Again, to adopt..you need a home study and that includes a criminal backgroud check so 99.9 % of people that want to adopt are not criminals..come on these are good people. Again, there are many steps to an adoption there are many chances for a girl or woman to change her mind. A lot of these girls are 18 and old enough to have s_x and can decide if adoption is right for them. AGAIN, adoption takes time and there are steps to adopt. There is plenty of time for someone to change her mind...a person wanting to adopt does not just go and pick up a baby and leave. Adoption agenies are fine to use but take a long time so if a couple looking to adopt wants to find a situation an their own, they can do that. This is America. And for the remark that if it takes a long time theres something wrong, you just don't know what you are talking about. Domestic adoption takes a long time unless you are a millionaire. In my case to adopt our son, we found a match in four months (rare), I know great couples that have been waiting two years on lists. If these young ladies want adoption for their babies, don't make them think that they are making a bad decision. Maybe it was not a decision you would want but for some people it is the right decision. You don't know someone until you walk in their shoes.

 

Nanna Ronni - May 23

I too have concerns about all the desperation that seem so apparent on thses boards. I am aware that there are specific checks that are carried out on prospective adoptive parents, well they are in the UK, however, l am not too sure about how stringent they are in any other country and certainly not in regards to private adoptions. I will say again as l have posted elsewhere, l myself was adoptd privately. Ok it was over 30 years ago and hopefully this would never happen again to an adopted child. BUT I was severley abused by my adoptive parents, s_xually, physically and emotionally for 16 years of my life. They appeared to the general public as very caring, they already had three children of their own. They both were teachers and were financially very secure. They demonstrated to the world what loving family they were.
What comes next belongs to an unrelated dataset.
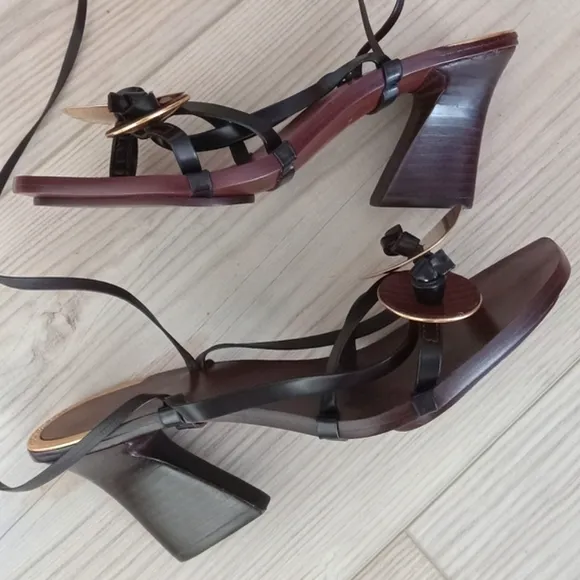 NWOB Tory Burch Artisanal Knot Heeled Sandals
Sadly behind closed doors, they were monsters, who l can only believe adopted me purely to harm me, as they didnt harm their natural children. So whilst l am NOT against adoption, l cannot stress enough that folk really need to be cautious as to who they want their children to be brought up by.

 

Carri - May 23

I completed agree with the poster. Shame on all of you - I don't care how desperate you are, there is a young teen who needs some help and should be given all options for consideration not just those that selfishly meet your needs. I realize that some of you REALLY want a baby but keep in mind, some of these young girls are practically babies and need some OBJECTIVE advice.

 

Jen - May 23

I do agree that the levels of some posters go too far. This is a nice post and even though we all don't agree, we are talking about it and not bashing each other. We should all email and see if they can start some kind of adoption board.

 

I'm Sorry!!!!!! - May 24

Jen, I hope your adoption dreams come true. I am so happy this didn't turn into a shouting match. Good Luck and thanks for understanding both sides of this...Baby Dust!!!!

 

Jen - May 24

oh thanks and my husband and I decided just to go with the same agency as we did with our first adoption. we are so happy with our son that i don't mind if it takes a while. I also have to say that i am a little concered at some of the adoption posts..though I do understand. Some adoptive parents will say or do anything to fill their own dreams and thats not good for everyone involed, especially a young girl. So I really do see both sides. I think I am addicted to this board an reading the posts.